= Ernest Howard Culbertson =

American newsreel editor

Ernest Howard Culbertson, also known as E. H. Culbertson and Howard Culbertson, (April 29, 1886, New York – July 1972, New York City) was an American newsreel editor, journalist, playwright, and screenwriter. Educated in Washington D. C., Culbertson began his career working for William Randolph Hearst as a features writer for The Washington Times. A pioneer in newsreel journalism, he was appointed head of the features department for William Fox's newly created Fox News in 1919; the organization that invented the newsreel. He later worked as a newsreel editor for Universal Newsreel.

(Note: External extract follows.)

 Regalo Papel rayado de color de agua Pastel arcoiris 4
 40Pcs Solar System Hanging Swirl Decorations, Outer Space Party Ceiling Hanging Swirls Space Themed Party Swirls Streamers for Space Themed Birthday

As a dramatist he is best known for the play Goat Alley which was first staged on Broadway in 1921 and later revived in 1927. He also wrote screenplays for films made by Pathé Exchange and Paramount Pictures, and was a writer for the 1937 CBS Radio program Living Dramas of the Bible.

==Early life and education==
Born Ernest Howard Culbertson, Jr on April 29, 1886, in New York state, the son of Ernest Howard Culbertson, Sr. (1860–1895) and Marie A. Gillmore (b. 1890). His primary school and middle school education took play at Seaton School in Washington D.C. from which he graduated in 1901. He then attended the McKinley Manual Training High School in Washington D.C., where he was a First Sergeant in the United States Navy's Cadet Corps. In 1903, he was the president of the Young Washingtonians' Pleasure Club, an organization for youth in Washington D.C. which put on music and dramatic performances.

==Career==
===Journalist and screenwriter===
After graduating from high school, Culbertson began his career as a writer and journalist working for William Randolph Hearst as a features writer for The Washington Times. His 1910 play Beulah was an adaptation of Augusta Jane Evans Wilson's 1859 novel of the same name. After leaving his position with Hearst, he co-authored the story for the 1918 Pathé Exchange silent film Enemies Within.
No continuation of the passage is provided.